These Three American Heroes Almost Singlehandedly Got the Constitution Ratified

These Three American Heroes Almost Singlehandedly Got the Constitution Ratified

Larry Holzwarth - February 28, 2022

These Three American Heroes Almost Singlehandedly Got the Constitution Ratified
Hamilton went to the Constitutional Convention as an authority on finance and trade. Wikimedia

6. Alexander Hamilton was unsure of his own ancestry

Unlike James Madison, who came from a distinguished Virginia family, Alexander Hamilton was born out-of-wedlock. The year of his birth, on the island of Nevis, is uncertain. His mother was a bigamist, and her death left Hamilton and his brother, James, orphaned. Their father had abandoned them some time before. By the late 1760s, Hamilton worked for an import-export firm in New York, operating out of various Caribbean ports. Because of the circumstances of his birth, Hamilton could not be educated in the schools of the Church of England. He largely educated himself through reading, supplemented by a private tutor. In 1772 he moved to New York, where he undertook to prepare himself to enter King’s College, today’s Columbia University. He served with Washington during the American Revolution, spending four years of the war as the General’s chief aide.

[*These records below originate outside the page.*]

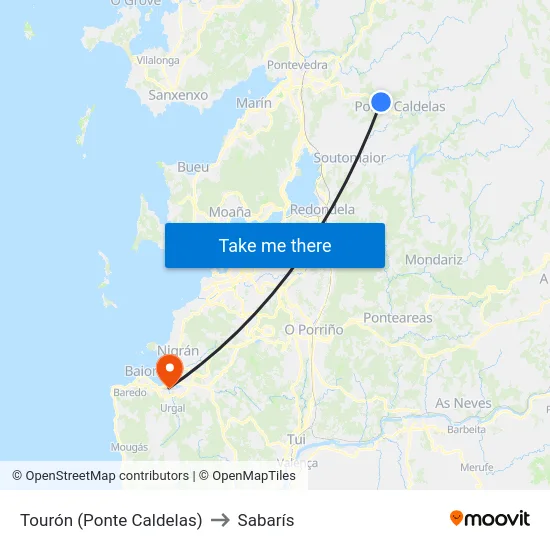Tourón (Ponte Caldelas) to Sabarís map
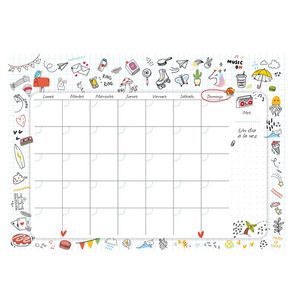 ORGANIZADOR MENSUAL DOODLE 29,7x21cm. 56hjs.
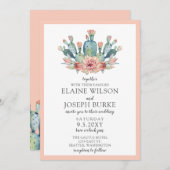 Invitation Rustique Blush Cactus Botanique Nature Mariage du  (Devant / Derrière)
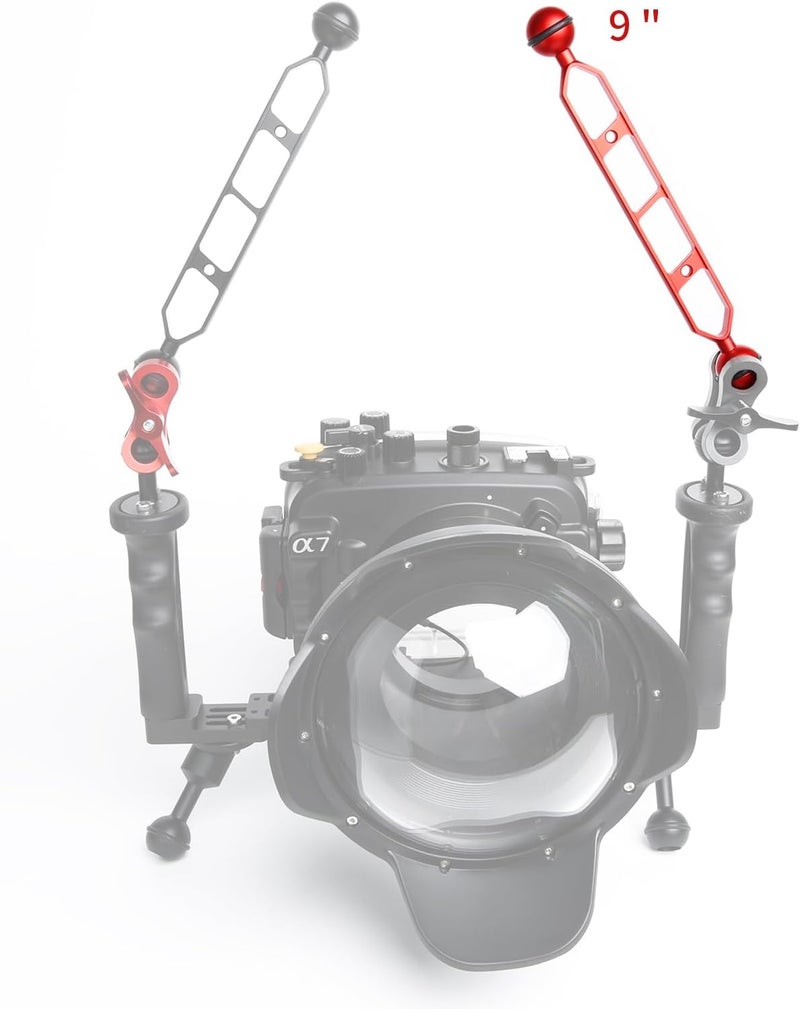 LetonPower Red 9" Underwater Aluminum Alloy Extension Arm (2-Pack) - Dual Ball System with 1" Head Connector, Waterproof & Rustproof for Diving Camera Tray/Strobe/Video Light, Scuba Photography Gear - Image 5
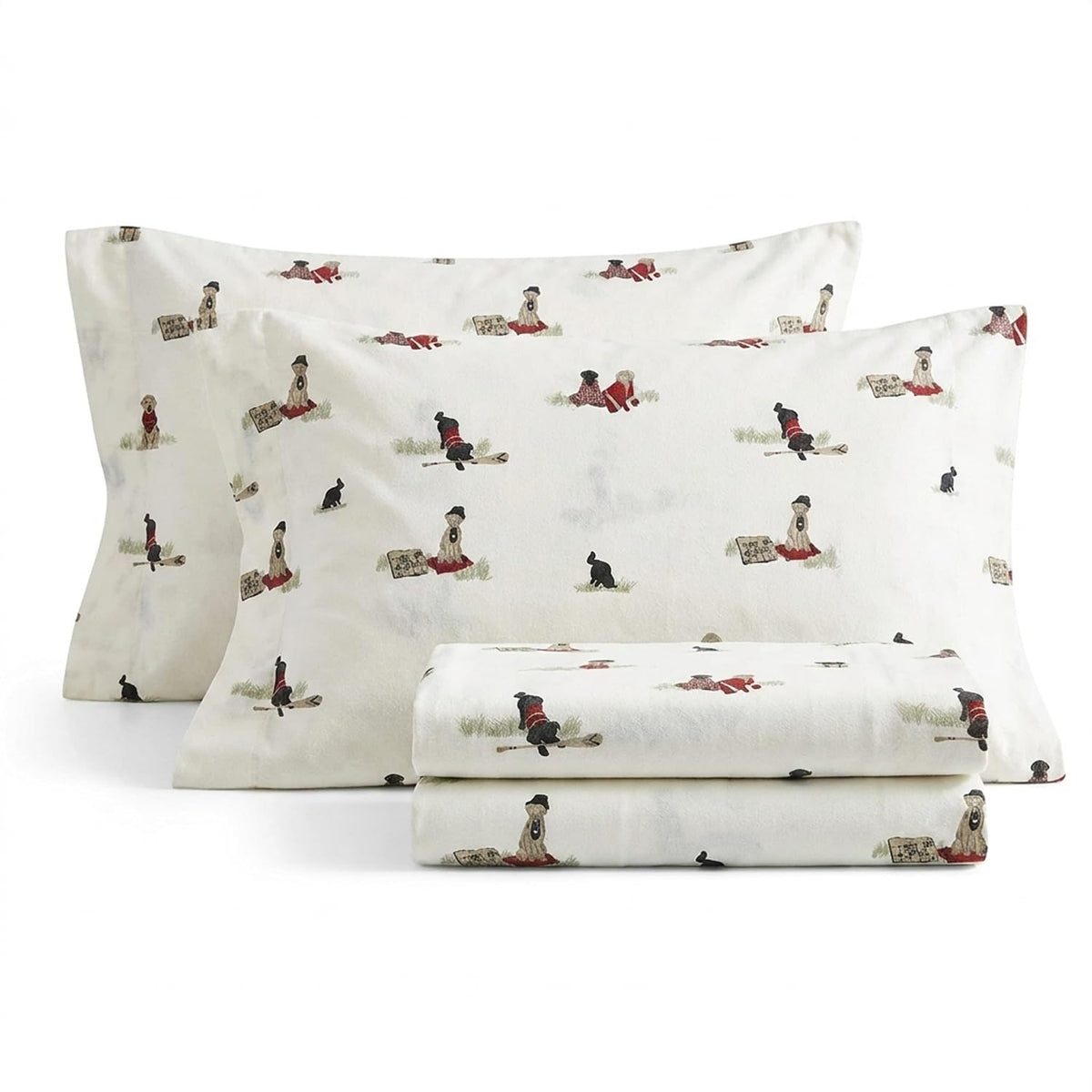 Eddie Bauer - Juego de sábanas Queen, Ropa de Cama de Franela de algodón cálido y Transpirable con Bolsillos Profundos, Cepillado para Mayor suavidad, acogedora decoración del hogar, Certificado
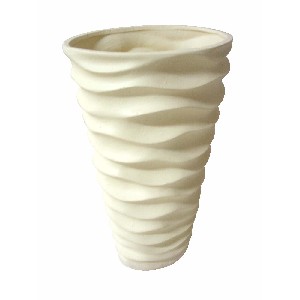 FLORERO CERAMICA BLANCO CREMA ONDAS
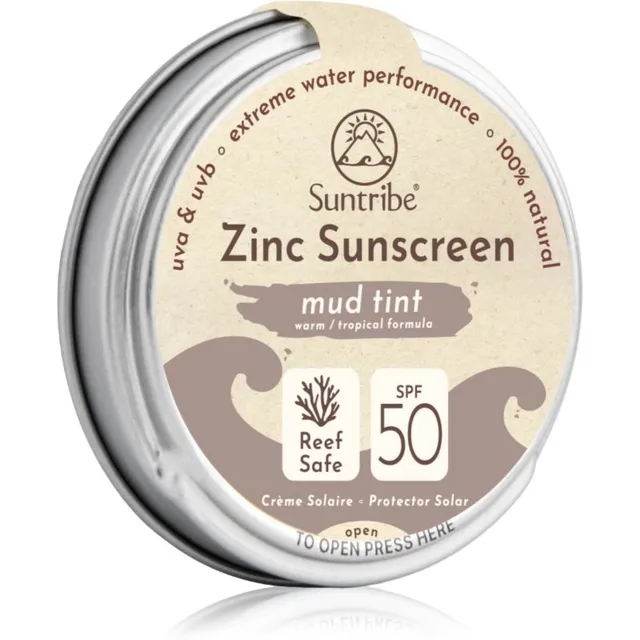 Suntribe Zinc Sunscreen Mineraalne kaitsekreen näole ja kehale SPF 50 Mud Tint 45 g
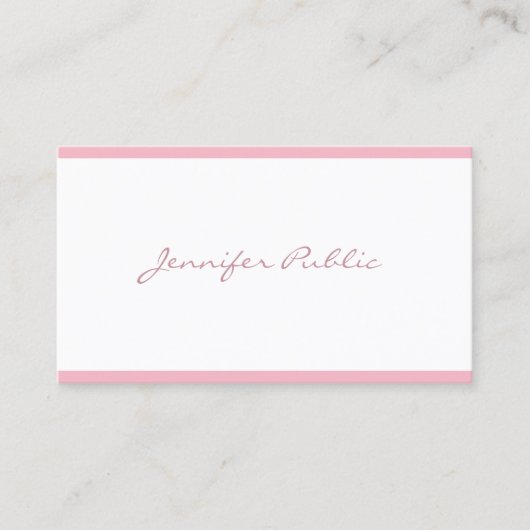 Freehand Script Elegant Pink Plain Luxe  Visitekaartje (Voorkant)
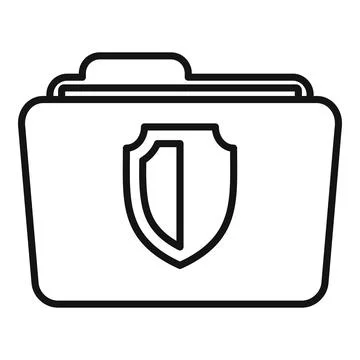 Secured folder icon outline vector. Data information 스톡 일러스트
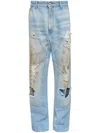Mm6 Maison Margiela Mm6 By Maison Margiela Light Blue Distressed Relaxed-fit Jeans In Blue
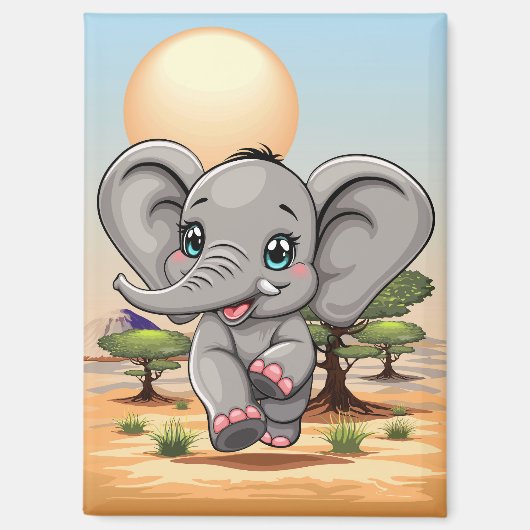 Olifant Baby springt vrolijk in Afrikaanse savanne Magneet (Voorkant)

After returning to New York following the victory at Yorktown Hamilton studied for several months before passing the bar exam in 1782. In 1784 he founded the Bank of New York. He went to the Constitutional Convention well-versed in finance, law, and the weakness of the federal government under the Articles of Confederation. He became one of the earliest supporters of the Virginia Plan, and an ardent supporter of the draft constitution submitted to the states for ratification in 1787. The convention kept no minutes of its debates, all that was left to posterity were the notes kept by its delegates which have survived. Madison kept meticulous, extensive notes, over 100 pages. Hamilton’s are less so, though from the essays which followed arguing in support of ratification his position during the convention can be readily inferred.